The above tweet has been doing the rounds all day. I just don’t get it, and I don’t agree with it. Schools have always ask students to sit tests, we’ve always had standardised (yes I’m British, we spell it with an ‘s’) public exams, and yet, whaddaya know, every student who emerges from school is a unique individual.
Yes I KNOW there are problems with the way tests are administered and used, read on.
The big standardised test argument is irritating because both sides are arguing cross-purposes.
Argument 1: “We must introduce standardised tests to ruthlessly exposes our education system’s strengths and weaknesses, to discover and promote teaching talent, and remove ineffective practice/practitioners”
- True because: without a common standard assessment you cannot possibly make comparisons between different institutions. At the very least this needs to be moderated professional judgement with sampled common assessment. Otherwise people can, and will, hide behind well-meaning ineffective practice. A good school or teacher will generally produce the better test scores (although the reverse isn’t necessarily true)
- False because: you cannot possibly use one single tool to enforce accountability, highlight good practice, allocate funding, and judge teaching ability. This will, obviously, lead to narrow teaching, lower standards, and low morale. One data point cannot make a complete judgement, no matter how much you want to believe in it.
Argument 2: “Standardised tests don’t measure learning, they are harming out students, and they do not show good teaching”
- True because: in order to standardise the assessment it has to be relatively shallow, it can lead to narrowing of the curriculum, good test scores don’t always indicate good teachers, and bad test scores don’t always indicate poor teachers.
- False because: if you teach a student well (i.e. deep understanding), this will almost certainly be reflected in their test scores. Also life is full of tests and assessments, students need to know how to deal with them – this is a help, not a hinderance. If a school/district/student is repeatedly getting  poor scores it indicates that support is needed – this is also useful. Finally, good teachers do tend to get good test scores. Well-meaning but less effective teachers, however, may not.
People who are calling for standardised testing genuinely want to find out where the system is failing students so that they can be helped. People who are opposing standardised testing genuinely don’t want inappropriate and demoralizing use of narrow statistics to judge a broad education. Stop shouting at each other (and definitely don’t sling mud)
So why not have both?
- Use standardised tests as one diagnostic tool, backed up with randomly sampled assessments/interviews/observations.
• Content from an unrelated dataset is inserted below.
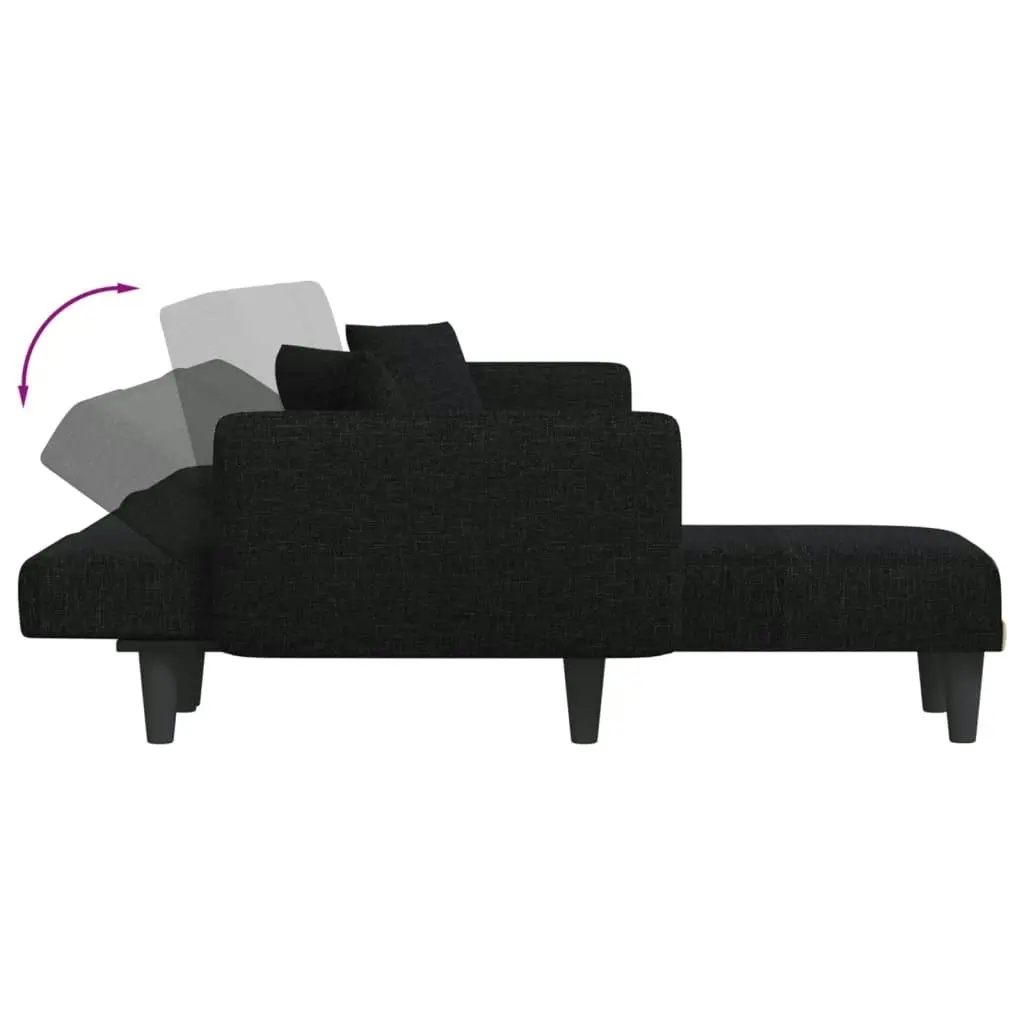 L-shaped Sofa Bed Black 275x140x70 cm Fabric 3157231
Give teacher the ability to award their students a moderated, professionally-judged grade, and give this equal weighting with the test.
- Look at a large number of factors, including attendance, behaviour, etc., to identify areas requiring support.
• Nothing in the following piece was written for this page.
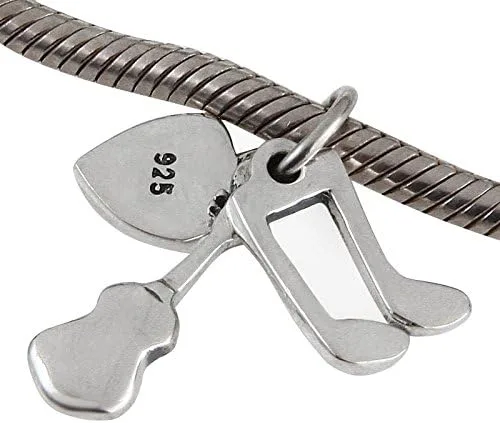 Vista 2 de ABUN - Abalorio de plata de ley 925 con diseño de corazón con texto en inglés "I Love Music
- Don’t judge teacher effectiveness using only this same testing system. Use peer-observation, student voice surveys, portfolio’s of evidence, and a wide array of assessment data, standardised and otherwise, current and historical.
I’m still developing these ideas in my head, and I’m open to suggestion. However, I suspect that I shall continue to be angry if I read
“@joe_bower:Â “Tests and grades don’t wreck learning” is the equivalent of saying “Guns don’t kill people”.”,
as well as
“@ShapeyFiend‎ Easy way to have best education in europe: fire the worst 10pc andteachers assistants. Class size doest matter if you’ve decent teachers.”
Both are, clearly, absolute nonsense.
Thanks for sharing this post on Twitter – I think you’ve raised some powerful points. One issue that emerges for me is to wonder who is making the arguments that you are refuting. I’ve seen such claims on many websites and there are whole books devoted to refuting claims about tests. However, I’ve begun to suspect that the “they” we rail against in education policy issues are they same “they” they we tried to use to convince our mothers to let us get away with something. Especially with Argument #1 – If that argument comes out of the mouth of an educator, I’d be stunned. If a politician said it, I would be disappointed but not surprised.
Hi Jenifer, thanks for your post. I’ve modified the quotes at the end to use actual tweets I’ve seen. Definitely sentiments that are around. Argument #1 was easy to find a quote for, argument #2 was more elusive actually – surprisingly.